◆ Aim of the task
With the pictures removed, the data below must be transcribed in full and exactly.

◆ Supplied data
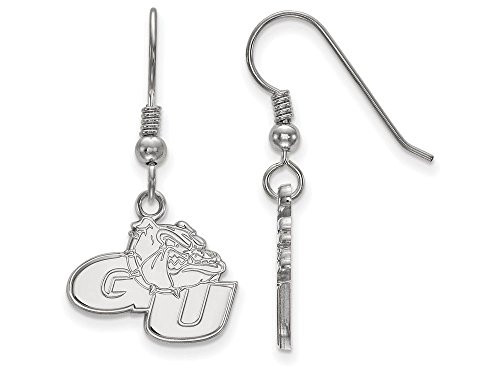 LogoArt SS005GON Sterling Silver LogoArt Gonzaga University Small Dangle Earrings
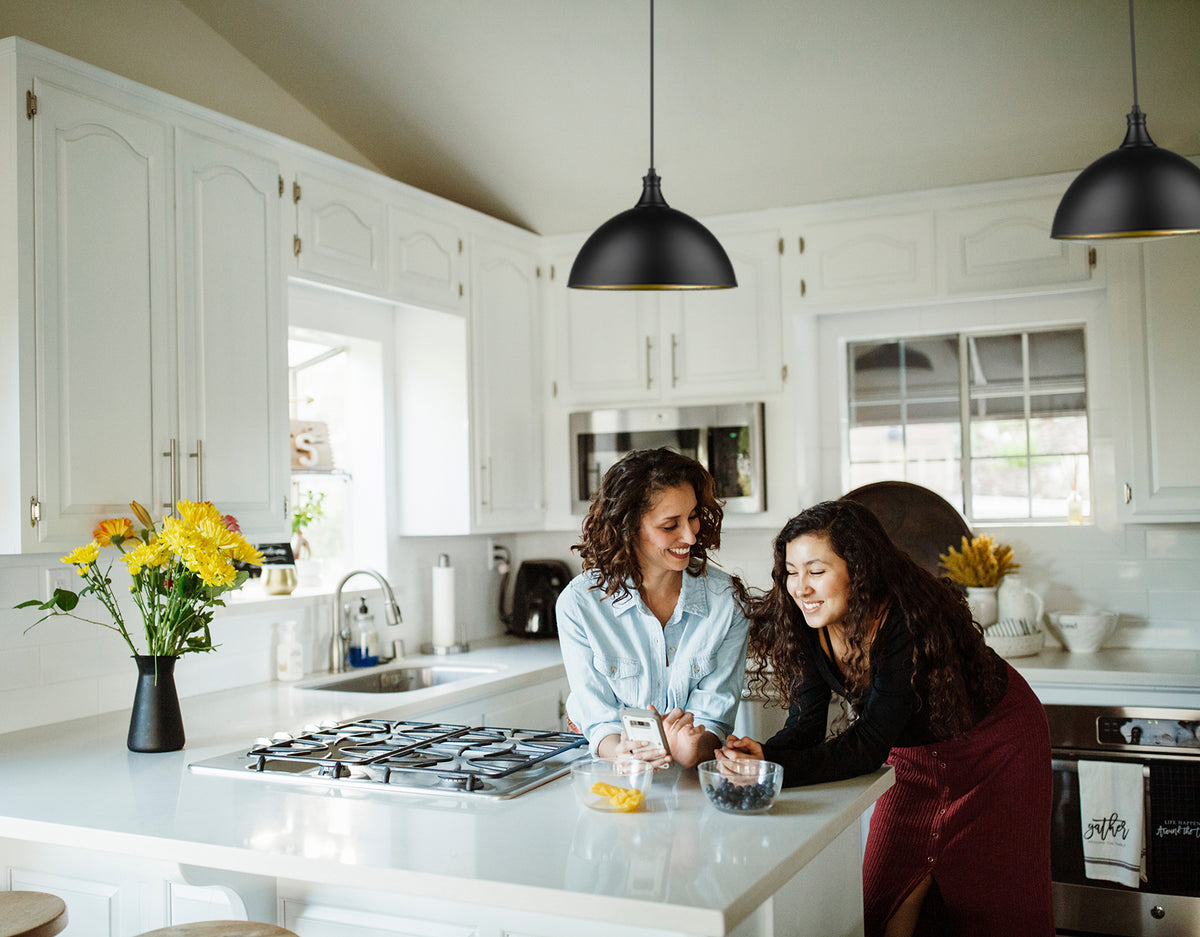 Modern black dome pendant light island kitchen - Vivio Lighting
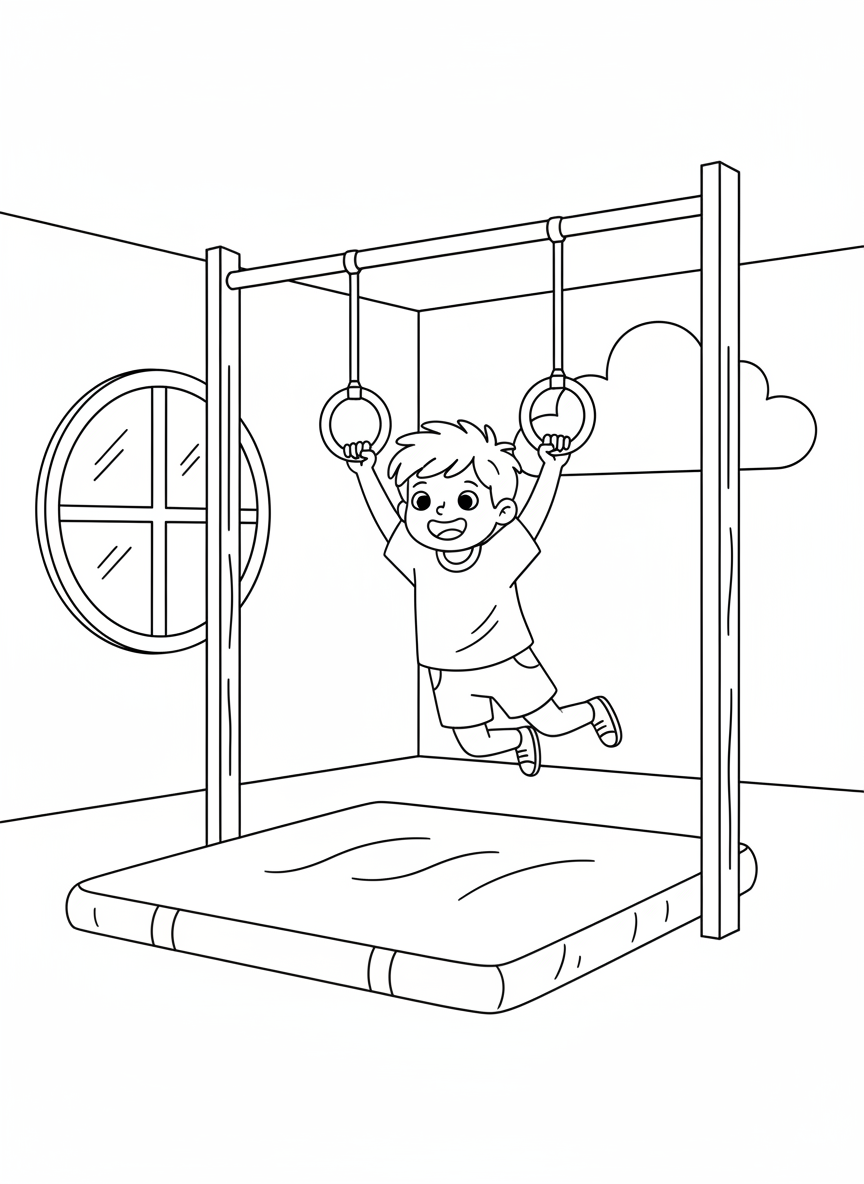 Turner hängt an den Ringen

◆ Expected output
 LogoArt SS005GON Sterling Silver LogoArt Gonzaga University Small Dangle Earrings
 Modern black dome pendant light island kitchen - Vivio Lighting
 Turner hängt an den Ringen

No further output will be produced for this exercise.